Regardless, Saturday’s snowfall, even at 15.4 centimetres, represented the snowiest Feb. 17 since weather records began in the late 1800s and the snowiest day in the Tournament Capital in five years.
The snow will add to a snow pack in the region that is above or at normal levels.
According to the River Forecast Centre, the Feb. 1 snow survey shows the South Thompson snowpack at 104 per cent of normal and the North Thompson snow pack at 92 per cent of normal.
By early February, nearly two-thirds of the annual B.C. snow pack has typically accumulated.
High snow packs in the South Interior, including the South and North Thompson basins, may be an early indication of increased seasonal flood risk for the upcoming freshet season.
Across British Columbia, the Skagit (165 per cent of normal), Vancouver Island (148) and Lower Fraser (141) basins are most snow-laden, while the Northwest (51), Stikine (67) and Central Coast (82) basins are furthest from normal levels.
Overall, the province has a slightly above normal snow pack for Feb. 1, with the average of all snow measurements across the province at 108 per cent, increasing significantly from 96 per cent of normal on Jan. 1.
Looking ahead, the River Forecast Centre notes La Niña conditions are present, with negative sea surface temperature anomalies across much of the eastern and central sections of the equatorial Pacific Ocean.
“Over the past month, sea surface temperature anomalies have steeply declined in the northern Pacific Ocean off the coast of the B.C., with cooler than normal temperatures now dominant,” the centre said.
The Climate Prediction Centre at the U.S. National Weather Service is forecasting a high likelihood of La Niña persisting through the winter, with a transition to El Niño southern oscillation-neutral conditions expected during the spring.

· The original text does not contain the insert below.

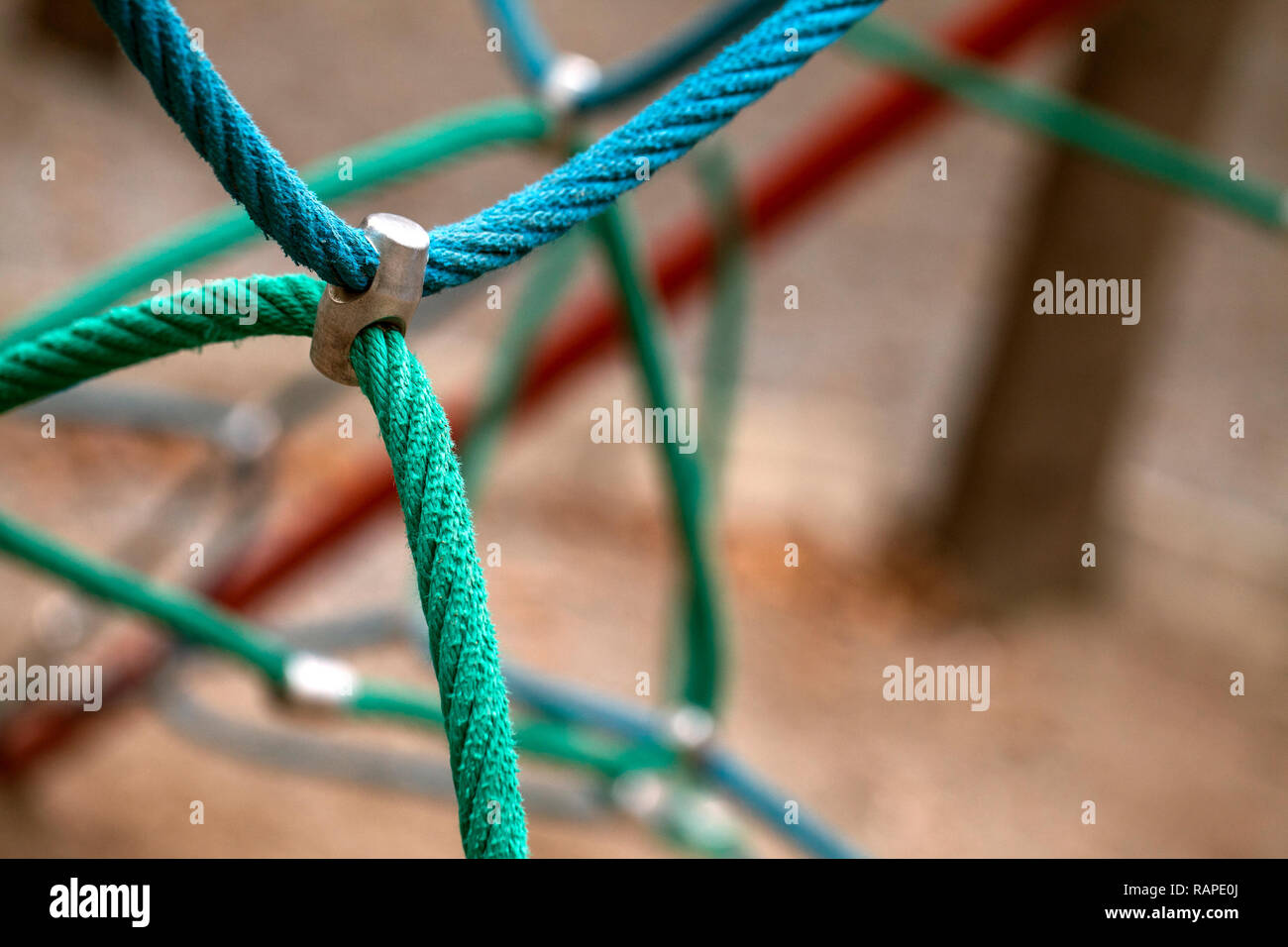 Rope in the Playground Macro view Children Amusement Park Photo Stock ...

Typically, La Niña is linked to cooler winters across B.C. and snowpacks tend to be higher than normal. Over the past six weeks, the ministry noted, weather patterns have aligned with typical La Niña weather, bringing significant growth to the provincial snow pack.

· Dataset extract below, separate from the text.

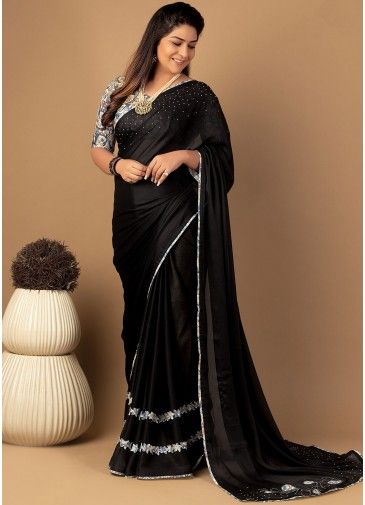 Black Printed Saree In Art Silk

Seasonal forecasts (February to April) from Environment and Climate Change Canada are indicating an increased likelihood of normal temperatures across western and southern British Columbia and below-normal temperatures in southeast and northern B.C. Short-to-medium-term forecasts are suggesting near normal temperatures through February.
The River Forecast Centre will provide an updated seasonal flood risk forecast on March 8.